▶ [Excerpted data]:
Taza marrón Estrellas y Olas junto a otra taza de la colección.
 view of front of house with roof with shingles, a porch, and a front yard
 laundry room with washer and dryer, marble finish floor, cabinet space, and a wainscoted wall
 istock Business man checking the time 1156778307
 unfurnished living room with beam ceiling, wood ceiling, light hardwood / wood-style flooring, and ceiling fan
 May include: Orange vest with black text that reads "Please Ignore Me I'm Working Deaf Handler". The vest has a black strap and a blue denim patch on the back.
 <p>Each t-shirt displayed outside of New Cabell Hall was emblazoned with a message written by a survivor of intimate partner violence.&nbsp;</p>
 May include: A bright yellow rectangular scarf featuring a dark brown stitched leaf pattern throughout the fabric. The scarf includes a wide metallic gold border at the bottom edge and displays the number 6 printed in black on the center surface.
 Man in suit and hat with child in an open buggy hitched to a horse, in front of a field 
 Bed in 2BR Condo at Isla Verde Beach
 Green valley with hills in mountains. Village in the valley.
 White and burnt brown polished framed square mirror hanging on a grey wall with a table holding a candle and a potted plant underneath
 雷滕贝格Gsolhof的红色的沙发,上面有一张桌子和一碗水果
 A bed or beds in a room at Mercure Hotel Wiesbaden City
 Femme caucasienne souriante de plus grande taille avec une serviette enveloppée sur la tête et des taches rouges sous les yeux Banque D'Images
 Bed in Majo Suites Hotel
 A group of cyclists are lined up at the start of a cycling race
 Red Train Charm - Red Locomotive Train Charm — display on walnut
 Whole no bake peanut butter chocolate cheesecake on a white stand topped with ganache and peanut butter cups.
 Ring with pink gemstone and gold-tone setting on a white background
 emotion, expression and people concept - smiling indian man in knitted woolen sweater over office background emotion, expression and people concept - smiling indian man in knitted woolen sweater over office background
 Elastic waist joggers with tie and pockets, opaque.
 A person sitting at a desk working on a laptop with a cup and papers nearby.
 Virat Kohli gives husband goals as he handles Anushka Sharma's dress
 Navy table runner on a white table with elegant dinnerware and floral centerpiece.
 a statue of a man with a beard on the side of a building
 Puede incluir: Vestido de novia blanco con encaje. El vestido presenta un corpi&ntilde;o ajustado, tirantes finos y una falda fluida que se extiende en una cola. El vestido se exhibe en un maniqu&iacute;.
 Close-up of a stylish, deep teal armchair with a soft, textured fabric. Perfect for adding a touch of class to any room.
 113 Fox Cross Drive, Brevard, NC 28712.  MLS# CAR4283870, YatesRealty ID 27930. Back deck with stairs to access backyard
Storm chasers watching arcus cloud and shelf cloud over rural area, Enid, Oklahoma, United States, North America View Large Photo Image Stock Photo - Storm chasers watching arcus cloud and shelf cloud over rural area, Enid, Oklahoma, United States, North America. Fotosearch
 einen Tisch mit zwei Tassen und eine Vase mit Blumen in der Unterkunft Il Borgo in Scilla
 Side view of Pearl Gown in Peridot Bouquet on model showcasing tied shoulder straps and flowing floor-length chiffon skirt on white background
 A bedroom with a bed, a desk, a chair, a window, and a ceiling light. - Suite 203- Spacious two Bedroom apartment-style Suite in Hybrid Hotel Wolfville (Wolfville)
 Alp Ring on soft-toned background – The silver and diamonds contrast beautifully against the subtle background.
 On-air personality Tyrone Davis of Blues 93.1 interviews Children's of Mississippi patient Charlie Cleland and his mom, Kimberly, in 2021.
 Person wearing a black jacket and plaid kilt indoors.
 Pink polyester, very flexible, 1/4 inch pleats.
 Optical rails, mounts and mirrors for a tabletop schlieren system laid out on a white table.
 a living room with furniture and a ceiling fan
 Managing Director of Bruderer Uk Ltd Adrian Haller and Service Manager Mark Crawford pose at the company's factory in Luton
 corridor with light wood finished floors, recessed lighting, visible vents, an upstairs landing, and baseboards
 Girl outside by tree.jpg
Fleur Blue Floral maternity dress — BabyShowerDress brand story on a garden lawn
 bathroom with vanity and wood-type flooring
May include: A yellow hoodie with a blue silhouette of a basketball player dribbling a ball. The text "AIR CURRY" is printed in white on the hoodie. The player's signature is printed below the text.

▶ [Exercise details]:
Your task is to quote all of the data word for word.

▶ [Response box]:
Taza marrón Estrellas y Olas junto a otra taza de la colección.
 view of front of house with roof with shingles, a porch, and a front yard
 laundry room with washer and dryer, marble finish floor, cabinet space, and a wainscoted wall
 istock Business man checking the time 1156778307
 unfurnished living room with beam ceiling, wood ceiling, light hardwood / wood-style flooring, and ceiling fan
 May include: Orange vest with black text that reads "Please Ignore Me I'm Working Deaf Handler". The vest has a black strap and a blue denim patch on the back.
 <p>Each t-shirt displayed outside of New Cabell Hall was emblazoned with a message written by a survivor of intimate partner violence.&nbsp;</p>
 May include: A bright yellow rectangular scarf featuring a dark brown stitched leaf pattern throughout the fabric. The scarf includes a wide metallic gold border at the bottom edge and displays the number 6 printed in black on the center surface.
 Man in suit and hat with child in an open buggy hitched to a horse, in front of a field 
 Bed in 2BR Condo at Isla Verde Beach
 Green valley with hills in mountains. Village in the valley.
 White and burnt brown polished framed square mirror hanging on a grey wall with a table holding a candle and a potted plant underneath
 雷滕贝格Gsolhof的红色的沙发,上面有一张桌子和一碗水果
 A bed or beds in a room at Mercure Hotel Wiesbaden City
 Femme caucasienne souriante de plus grande taille avec une serviette enveloppée sur la tête et des taches rouges sous les yeux Banque D'Images
 Bed in Majo Suites Hotel
 A group of cyclists are lined up at the start of a cycling race
 Red Train Charm - Red Locomotive Train Charm — display on walnut
 Whole no bake peanut butter chocolate cheesecake on a white stand topped with ganache and peanut butter cups.
 Ring with pink gemstone and gold-tone setting on a white background
 emotion, expression and people concept - smiling indian man in knitted woolen sweater over office background emotion, expression and people concept - smiling indian man in knitted woolen sweater over office background
 Elastic waist joggers with tie and pockets, opaque.
 A person sitting at a desk working on a laptop with a cup and papers nearby.
 Virat Kohli gives husband goals as he handles Anushka Sharma's dress
 Navy table runner on a white table with elegant dinnerware and floral centerpiece.
 a statue of a man with a beard on the side of a building
 Puede incluir: Vestido de novia blanco con encaje. El vestido presenta un corpi&ntilde;o ajustado, tirantes finos y una falda fluida que se extiende en una cola. El vestido se exhibe en un maniqu&iacute;.
 Close-up of a stylish, deep teal armchair with a soft, textured fabric. Perfect for adding a touch of class to any room.
 113 Fox Cross Drive, Brevard, NC 28712.  MLS# CAR4283870, YatesRealty ID 27930. Back deck with stairs to access backyard
Storm chasers watching arcus cloud and shelf cloud over rural area, Enid, Oklahoma, United States, North America View Large Photo Image Stock Photo - Storm chasers watching arcus cloud and shelf cloud over rural area, Enid, Oklahoma, United States, North America. Fotosearch
 einen Tisch mit zwei Tassen und eine Vase mit Blumen in der Unterkunft Il Borgo in Scilla
 Side view of Pearl Gown in Peridot Bouquet on model showcasing tied shoulder straps and flowing floor-length chiffon skirt on white background
 A bedroom with a bed, a desk, a chair, a window, and a ceiling light. - Suite 203- Spacious two Bedroom apartment-style Suite in Hybrid Hotel Wolfville (Wolfville)
 Alp Ring on soft-toned background – The silver and diamonds contrast beautifully against the subtle background.
 On-air personality Tyrone Davis of Blues 93.1 interviews Children's of Mississippi patient Charlie Cleland and his mom, Kimberly, in 2021.
 Person wearing a black jacket and plaid kilt indoors.
 Pink polyester, very flexible, 1/4 inch pleats.
 Optical rails, mounts and mirrors for a tabletop schlieren system laid out on a white table.
 a living room with furniture and a ceiling fan
 Managing Director of Bruderer Uk Ltd Adrian Haller and Service Manager Mark Crawford pose at the company's factory in Luton
 corridor with light wood finished floors, recessed lighting, visible vents, an upstairs landing, and baseboards
 Girl outside by tree.jpg
Fleur Blue Floral maternity dress — BabyShowerDress brand story on a garden lawn
 bathroom with vanity and wood-type flooring
May include: A yellow hoodie with a blue silhouette of a basketball player dribbling a ball. The text "AIR CURRY" is printed in white on the hoodie. The player's signature is printed below the text.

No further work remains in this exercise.